Não será que ao fazer campanha contra o monolitismo comprometemos o centro único dirigente, a coesão ideológica e a unidade de vontade no Partido? A esta pergunta vossa contestamos que a unidade ideológica do partido é diariamente minada pelas práticas “monolíticas” que em nome da unidade impedem a luta ideológica de ser levada às suas consequências. Nenhum partido pode derrotar o oportunismo no movimento operário se não travar luta contra ele nas suas próprias fileiras, e para isso é necessário que exista liberdade de discussão.
Pensar que a melhor maneira de poupar o partido a perigos é “matar o oportunismo no ovo” sem deixar que se manifeste, é um erro que desarma a massa dos militantes para reconhecerem o oportunismo e que não permite ao Partido ir traçando diariamente os limites entre a linha de classe e o oportunismo. No PC(R) observámos como os elementos centristas mais empedernidos, que buscavam sempre a via intermédia entre o reformismo declarado e o marxismo, eram os mais acérrimos defensores do monolitismo: sabiam que o seu espaço de manobra desapareceria se se chocassem as tendências opostas no partido.
Aceitar o centralismo democrático leninista implica pois, quanto a nós, não só manter fora de questão o centro único dirigente, mas também restabelecer o princípio da democracia interna que vigorava no tempo de Lenine e foi mais tarde restringido por Staline até quase desaparecer. Staline, pensamos, tomava demasiado à letra a imagem do Partido como um exército em combate e tendia a reduzir a disciplina política dos comunistas a uma disciplina de tipo militar. Essa ilusão não só não impediu como facilitou a conquista lenta e subterrânea do partido bolchevique e dos restantes partidos comunistas pelo oportunismo.
Naturalmente, não temos ainda experiência suficiente que nos dê respostas seguras sobre a prática do centralismo democrático, que na verdade nunca conhecemos. Mas pensamos que ele será encontrado pela crítica simultânea às deformações opostas do PC de China (eclectismo, convivência entre linhas) e do PT da Albânia (ultracentralismo reinando sobre uma democracia em grande parte fəlseada).

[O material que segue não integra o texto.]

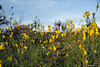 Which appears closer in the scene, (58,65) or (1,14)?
(58,65)

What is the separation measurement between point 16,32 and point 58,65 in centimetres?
441

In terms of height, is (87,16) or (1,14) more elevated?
(1,14)

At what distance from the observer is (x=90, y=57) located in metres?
2.55

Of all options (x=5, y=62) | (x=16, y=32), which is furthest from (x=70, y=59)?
(x=16, y=32)

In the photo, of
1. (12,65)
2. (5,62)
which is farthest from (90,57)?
(5,62)

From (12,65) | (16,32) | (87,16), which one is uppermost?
(87,16)

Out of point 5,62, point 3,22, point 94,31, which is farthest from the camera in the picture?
point 3,22

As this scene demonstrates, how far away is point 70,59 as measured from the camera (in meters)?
2.42

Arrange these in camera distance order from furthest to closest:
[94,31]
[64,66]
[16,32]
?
[16,32]
[64,66]
[94,31]

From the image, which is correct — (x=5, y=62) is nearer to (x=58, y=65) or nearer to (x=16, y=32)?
(x=58, y=65)

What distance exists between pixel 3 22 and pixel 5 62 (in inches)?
137

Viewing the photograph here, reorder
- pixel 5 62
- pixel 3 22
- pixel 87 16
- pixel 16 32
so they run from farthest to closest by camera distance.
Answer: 1. pixel 16 32
2. pixel 3 22
3. pixel 5 62
4. pixel 87 16

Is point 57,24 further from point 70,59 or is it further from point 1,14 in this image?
point 70,59

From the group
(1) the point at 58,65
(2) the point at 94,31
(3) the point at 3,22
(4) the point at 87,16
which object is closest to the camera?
(2) the point at 94,31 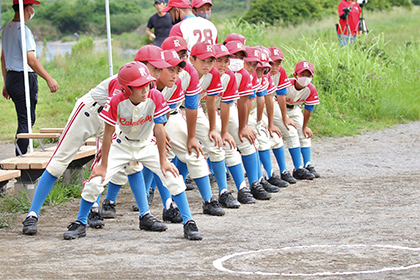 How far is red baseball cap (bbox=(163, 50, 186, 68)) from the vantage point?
530 centimetres

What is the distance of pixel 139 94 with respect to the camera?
15.8ft

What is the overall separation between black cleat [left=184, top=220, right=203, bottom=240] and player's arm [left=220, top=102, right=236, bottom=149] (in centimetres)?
156

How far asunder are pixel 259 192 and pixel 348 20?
8.85 m

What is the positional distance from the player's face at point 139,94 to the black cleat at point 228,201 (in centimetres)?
169

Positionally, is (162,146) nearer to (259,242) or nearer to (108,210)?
(259,242)

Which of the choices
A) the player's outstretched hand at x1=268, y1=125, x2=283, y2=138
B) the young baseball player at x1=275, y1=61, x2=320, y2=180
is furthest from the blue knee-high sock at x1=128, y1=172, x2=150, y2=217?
the young baseball player at x1=275, y1=61, x2=320, y2=180

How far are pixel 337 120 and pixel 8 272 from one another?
26.3 feet

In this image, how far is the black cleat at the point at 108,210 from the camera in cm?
584

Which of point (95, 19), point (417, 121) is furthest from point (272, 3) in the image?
point (95, 19)

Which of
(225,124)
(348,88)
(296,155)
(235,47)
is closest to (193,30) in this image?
(235,47)

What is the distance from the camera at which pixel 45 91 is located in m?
14.4

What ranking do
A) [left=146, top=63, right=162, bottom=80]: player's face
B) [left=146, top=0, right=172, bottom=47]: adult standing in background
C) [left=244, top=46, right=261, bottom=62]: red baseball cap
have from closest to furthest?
[left=146, top=63, right=162, bottom=80]: player's face → [left=244, top=46, right=261, bottom=62]: red baseball cap → [left=146, top=0, right=172, bottom=47]: adult standing in background

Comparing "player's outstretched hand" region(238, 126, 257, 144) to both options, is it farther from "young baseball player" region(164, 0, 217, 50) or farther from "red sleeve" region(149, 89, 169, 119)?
"red sleeve" region(149, 89, 169, 119)

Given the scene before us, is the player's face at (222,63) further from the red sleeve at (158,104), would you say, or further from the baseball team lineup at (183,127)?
the red sleeve at (158,104) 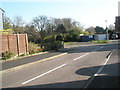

Pensamos avançar com prudência, mas avançar, na busca do centralismo democrático. Nos nossos estatutos adoptámos alguns princípios e normas de vida interna que temos vindo a ensaiar, como por exemplo a publicação de um boletim interno através do qual cada membro possa levar as suas opiniões ao conhecimento de todos os membros, nenhum obstáculo ao contacto entre camaradas de diferentes organismos – as fracções combatem-se se surgirem e não com policiamento preventivo; respeito pelo princípio, electivo para todos os cargos; realização de consultas alargadas antes de serem tomadas decisões graves; abertura das reuniões da direcção à presença de delegados dos núcleos; abertura dos debates políticos da organização à participação dos simpatizantes.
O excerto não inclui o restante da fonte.